Records from a data collection:
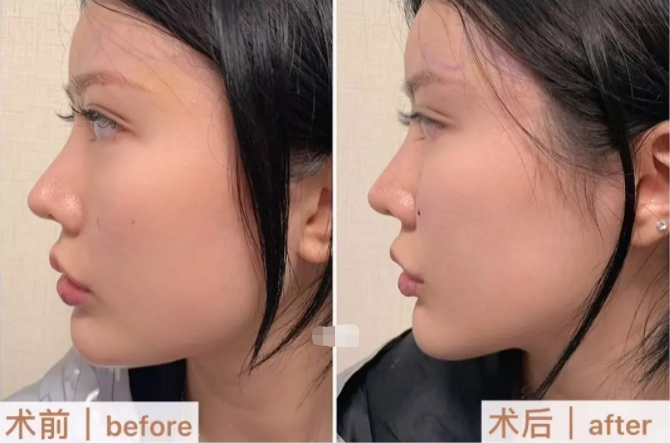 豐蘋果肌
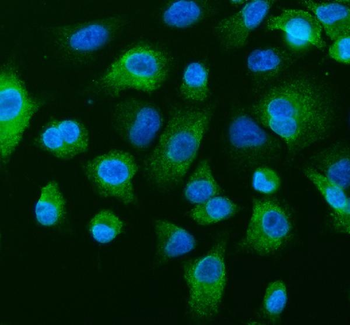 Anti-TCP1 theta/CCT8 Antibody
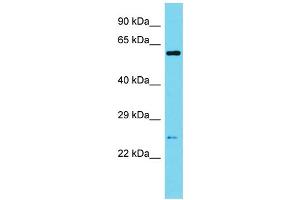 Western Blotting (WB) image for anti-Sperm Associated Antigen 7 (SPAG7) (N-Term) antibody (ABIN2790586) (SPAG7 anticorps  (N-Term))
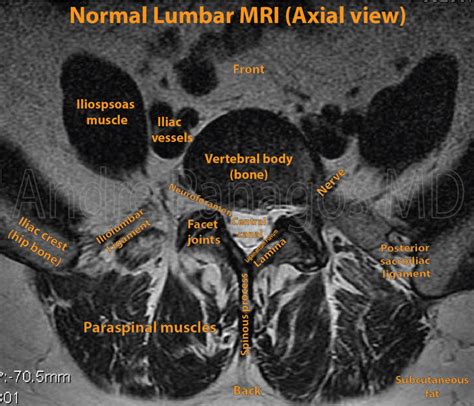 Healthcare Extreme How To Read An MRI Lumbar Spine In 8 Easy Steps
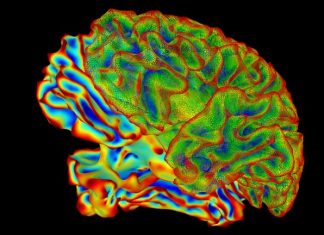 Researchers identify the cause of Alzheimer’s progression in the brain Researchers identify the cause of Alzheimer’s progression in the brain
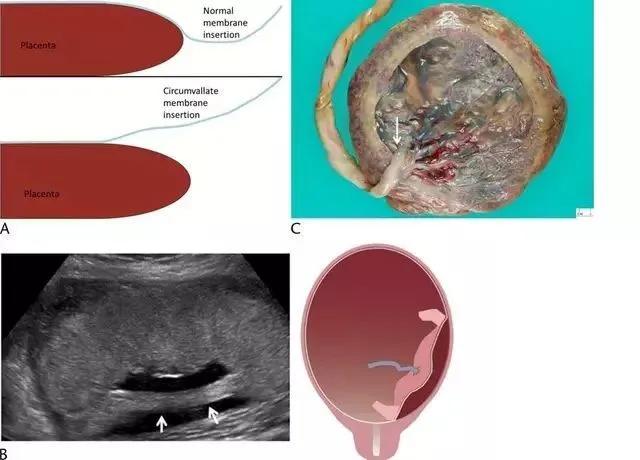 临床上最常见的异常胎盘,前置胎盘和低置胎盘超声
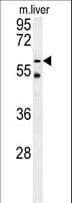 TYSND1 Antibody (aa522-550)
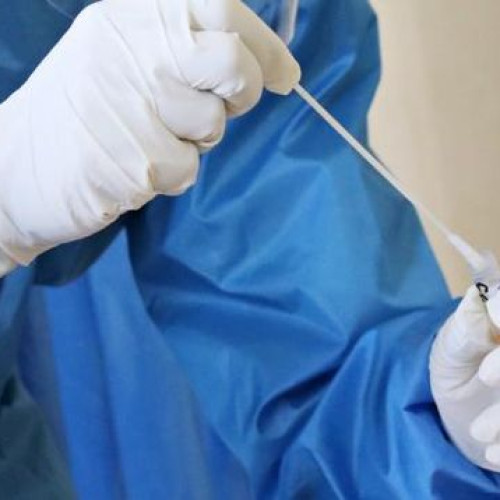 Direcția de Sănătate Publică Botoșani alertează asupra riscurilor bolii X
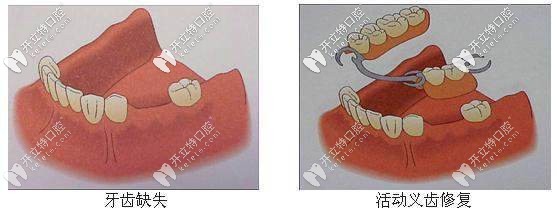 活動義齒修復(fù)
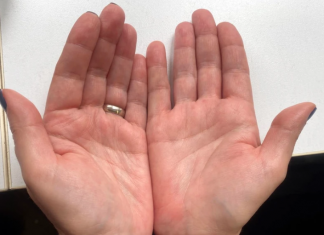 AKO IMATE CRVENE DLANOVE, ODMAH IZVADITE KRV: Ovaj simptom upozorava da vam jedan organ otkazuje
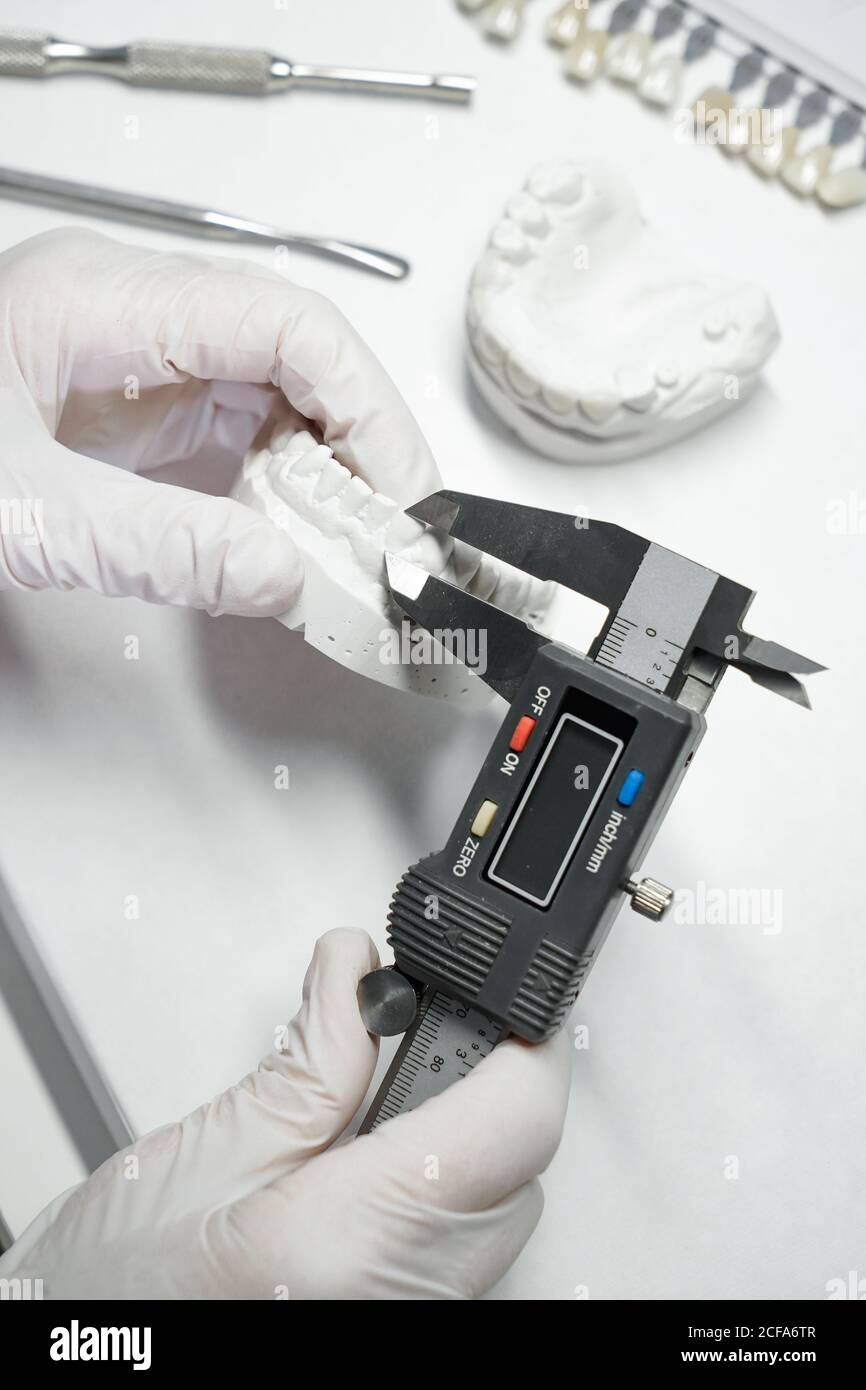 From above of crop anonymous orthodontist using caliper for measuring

→ Goal of the exercise
Print every record exactly without the images.

→ Solved exercise
 豐蘋果肌
 Anti-TCP1 theta/CCT8 Antibody
 Western Blotting (WB) image for anti-Sperm Associated Antigen 7 (SPAG7) (N-Term) antibody (ABIN2790586) (SPAG7 anticorps  (N-Term))
 Healthcare Extreme How To Read An MRI Lumbar Spine In 8 Easy Steps
 Researchers identify the cause of Alzheimer’s progression in the brain Researchers identify the cause of Alzheimer’s progression in the brain
 临床上最常见的异常胎盘,前置胎盘和低置胎盘超声
 TYSND1 Antibody (aa522-550)
 Direcția de Sănătate Publică Botoșani alertează asupra riscurilor bolii X
 活動義齒修復(fù)
 AKO IMATE CRVENE DLANOVE, ODMAH IZVADITE KRV: Ovaj simptom upozorava da vam jedan organ otkazuje
 From above of crop anonymous orthodontist using caliper for measuring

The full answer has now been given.